In the summer of 1994, I was piloting my four-wheeler through backwoods trails towards a friend's house. The purpose of the journey was to spend the day swinging on a rope tied in a tall tree over a wide and sufficiently deep creek. Should've been fun times all around but, alas and alack, things didn't work out as expected.
While negotiating a downward grade in a particularly rough trail, I went over a bump too fast, hit the next one wrong, and was thrown uncerimoniously into the air.
The four-wheeler came down in the forest, resting against a fallen tree, and still running. Oddly enough, the vehicle had been acting up in the previous months; half the time, we couldn't even get the damn thing started. After the accident, it turned over on the first try every time. Go figure.
So, while the four-wheeler was pitched one way, I went the other. I slammed into the hill, rolled down, and blacked out. It was estimated that I hit the ground at somewhere around 35-40 miles per hour.

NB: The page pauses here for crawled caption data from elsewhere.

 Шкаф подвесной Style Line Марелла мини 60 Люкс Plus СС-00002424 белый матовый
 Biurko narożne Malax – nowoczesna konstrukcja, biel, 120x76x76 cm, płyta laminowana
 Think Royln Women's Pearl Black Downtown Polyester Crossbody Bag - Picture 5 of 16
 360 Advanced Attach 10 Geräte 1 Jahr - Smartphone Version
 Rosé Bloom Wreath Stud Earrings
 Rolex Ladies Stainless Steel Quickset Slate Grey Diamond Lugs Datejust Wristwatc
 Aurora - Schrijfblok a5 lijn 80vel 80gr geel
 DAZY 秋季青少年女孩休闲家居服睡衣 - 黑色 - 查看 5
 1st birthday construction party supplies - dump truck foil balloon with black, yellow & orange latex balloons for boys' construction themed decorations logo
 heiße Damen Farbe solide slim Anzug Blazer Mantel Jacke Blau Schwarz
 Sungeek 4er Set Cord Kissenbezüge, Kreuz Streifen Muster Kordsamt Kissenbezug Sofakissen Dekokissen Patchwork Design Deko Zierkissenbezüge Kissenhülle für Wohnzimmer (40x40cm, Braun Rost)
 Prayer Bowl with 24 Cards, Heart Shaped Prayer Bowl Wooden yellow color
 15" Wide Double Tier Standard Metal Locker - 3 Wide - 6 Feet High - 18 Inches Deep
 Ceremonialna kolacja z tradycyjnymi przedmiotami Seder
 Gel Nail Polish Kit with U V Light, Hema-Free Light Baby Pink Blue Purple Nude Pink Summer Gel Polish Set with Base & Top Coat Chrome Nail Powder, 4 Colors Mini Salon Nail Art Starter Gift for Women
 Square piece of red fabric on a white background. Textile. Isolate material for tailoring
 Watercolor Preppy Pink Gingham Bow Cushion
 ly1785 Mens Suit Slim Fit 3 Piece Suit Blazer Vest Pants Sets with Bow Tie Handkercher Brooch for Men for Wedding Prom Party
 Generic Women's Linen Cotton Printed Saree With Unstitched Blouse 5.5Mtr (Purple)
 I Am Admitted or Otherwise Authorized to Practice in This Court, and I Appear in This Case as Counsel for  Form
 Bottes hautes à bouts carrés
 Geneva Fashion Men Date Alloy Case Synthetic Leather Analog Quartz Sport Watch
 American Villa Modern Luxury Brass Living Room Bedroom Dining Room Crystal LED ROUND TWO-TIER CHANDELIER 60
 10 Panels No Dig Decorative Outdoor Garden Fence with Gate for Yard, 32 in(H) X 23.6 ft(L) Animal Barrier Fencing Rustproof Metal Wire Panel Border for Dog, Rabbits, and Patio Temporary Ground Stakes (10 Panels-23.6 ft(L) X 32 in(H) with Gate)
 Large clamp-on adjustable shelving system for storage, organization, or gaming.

I came to seconds later, tried to stand up, and blacked out again. In my violent roll down the hill, my helmet flew off; we found it several hundred feet away in the woods. That's a PSA for the kids; if I had forgotten the helmet, I'd either be dead or a vegetable. Somehow, I also lost a shoe.
By the time my brother and cousin, who were riding ahead of me, realized what had happened and turned around, I had stood up again and found that I couldn't move my left arm. Then I noticed that my left shoulder was at a disturbing right angle. Then the pain set in.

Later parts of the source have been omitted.